A versão Bath é a preferida dos homens. O Casamento é a preferida das mulheres. Cada sexo tem mais a aprender com a versão que não lhe agrada. Não entendia muito bem qual era a "moral da história" no caso d'O casamento". Agora compreendo um pouco melhor. Não vou tentar explicá-lo por palavras. Talvez com outras histórias...

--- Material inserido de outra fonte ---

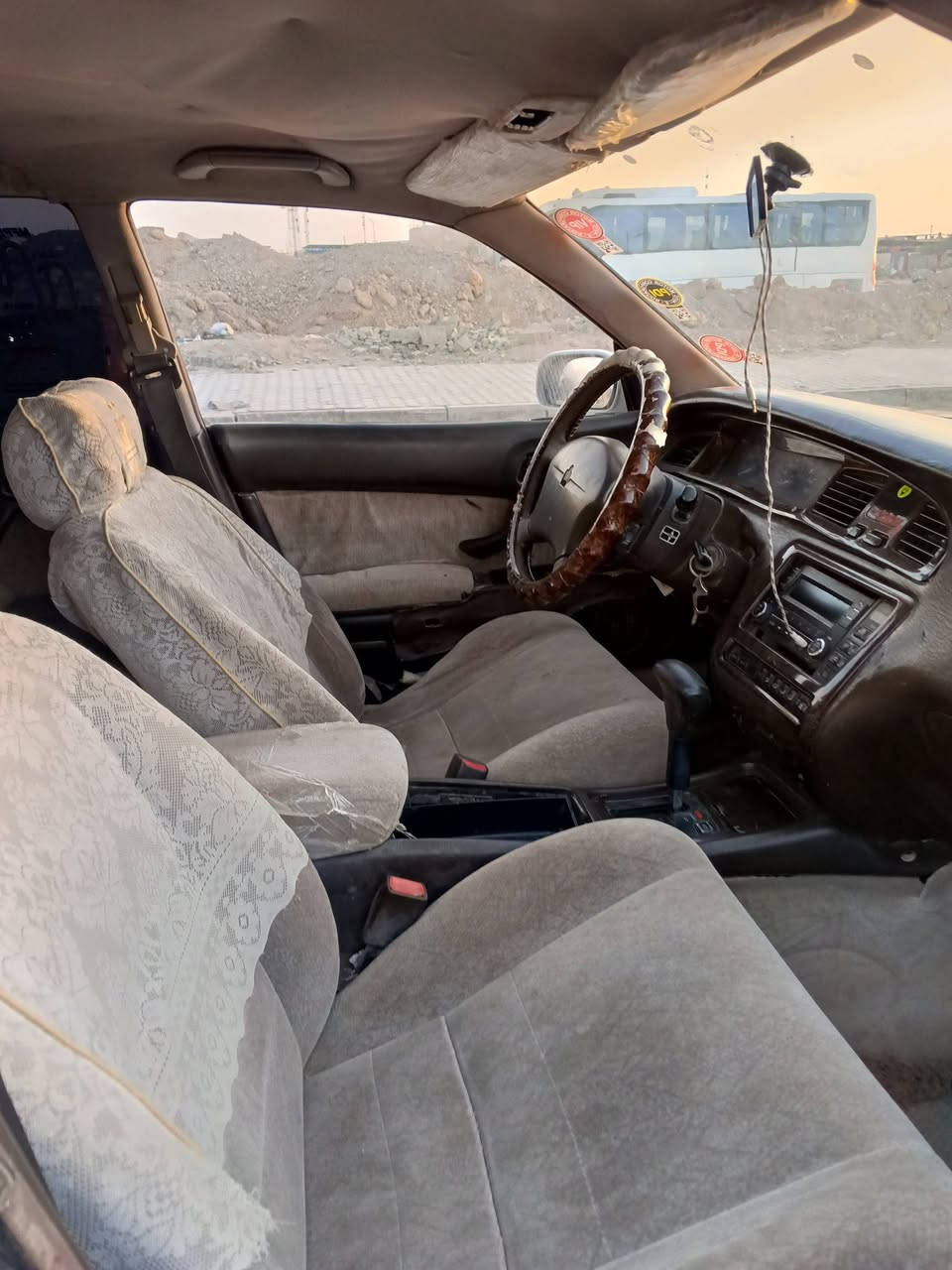 السلام عليكم بطه منفصل رقم بصره دولي انكليزي سنويه لل2030 سياره مكفوله من الكص والنقل والصوليات والضربه القويه.مكينه ثنين ونص مكينه وكير جدد كهربائيات كلها شغاله تخم تاير جديد حداديه جديده السعر 52 وبيها مجال لجناي مكاني بصره قضاء المدينه ‏‪***********‬‏ مكلف بنشر
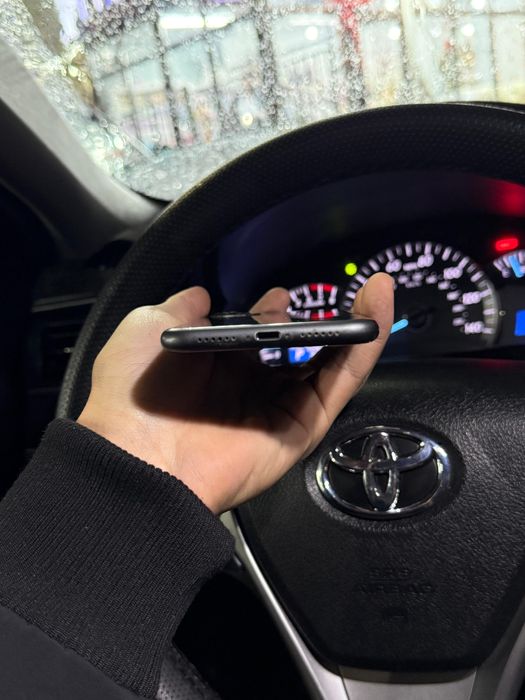 Продам  iphone 11 64 gb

Sara, obrigado por chamares a atenção para a outras versão.

Anónimo disse...

Olha, On, o que dizes é estranho. Poque é que os homens hão-de preferir a mulher de Bath, uma história que diz: "vejam bem o que as mulheres querem! Mandar nos homens!" Só se for para lhes servir de lição e manterem-se em guarda contra as mulheres.
Acho normal as mulheres preferirem o Casamento, é sinal de que a versão de Bath não lhes diz nada. Não nos identificamos com ela.Qual é o interesse de mandar num homem?
Sofia:
Olá! :)
Tenho um opinião diferente da tua. Eu penso que o que faz dele um homem é honrar o compromisso sem se lamentar nem hesitar. Diz a história: "não mostrando nunca o seu desagrado, delicado e atento com a bruxa repelente como se de uma bela e delicada mulher se tratasse."
Não é verosímel? Mas isto é uma história, ele é um herói e um modelo a seguir. Se não se assustam com dragões e com poções porque haveriam de sucumbir perante uma mulher feia?

Sofia disse...

"Eu penso que o que faz dele um homem é honrar o compromisso sem se lamentar nem hesitar."

Eu também, Sara. :)
Mas apesar de acreditar em histórias, já não acredito em contos de fadas. :)

Anónimo disse...

O que voçês querem todas sei eu!

(desculpem mas todos estavamos a pensar nesta)

Don Joe

Sofia disse...

:)

Queremos mandar em vocês.
Eu quero, pelo menos. Assumo.

Orlando disse...

"ele é um herói e um modelo a seguir"

"Qual é o interesse de mandar num homem? "

Sara,
que nos deixes ao menos escolher os nossos herois, já que não queres mandar em nós:)

Anónimo disse...

"ele é um herói e um modelo a seguir".

Mas On, eu posso falar não posso? E posso escolher também. Eu, que não tenho interesse em mandar em homem algum, escolheria um herói como Sir Gawain e não alguém que cumpre os deveres à força só porque não tem para onde fugir.
A frase "um modelo a seguir" é que foi mal empregue. Escolham, por favor, os vossos heróis. Será pedir muito dizer para escolherem bem?:)

Orlando disse...

:)

Anónimo disse...

Tem mulheres que querem mandar sim mais não são todas afinal o que esse conto quer nos falar ? Porque aquela rainha fez essa pergunta a este rapaz ? Ele não foi injusto mentindo para a velhinha ?! Afinal quem quer dominar os homens que querem escolher as garotas e muitas vezes mentem para outras ou as mulheres ? abraço !

Sérgio Quelhas disse...

Pobre é o ambicioso insatisfeito que cobiça o que está fora de seu alcance; rico é quem não tem nada e nada deseja .

Anónimo disse...

Os Homens aqui me parecem medievais...

Observemos que Chaucer escreveu o livro no século XIV. As mulheres naquela época, precisavam de mais autonomia, ansiavam por poder, queriam autoridade....Elas não precisam mais disso há muito tempo queridos.

Kisses

Luc

Orlando disse...

As grandes obras primas são intemporais. Se precisam ou não (se acham que precisam ou não) só saberemos se lhes perguntarmos.
Eu já perguntei, e parece que muitas acham que precisam...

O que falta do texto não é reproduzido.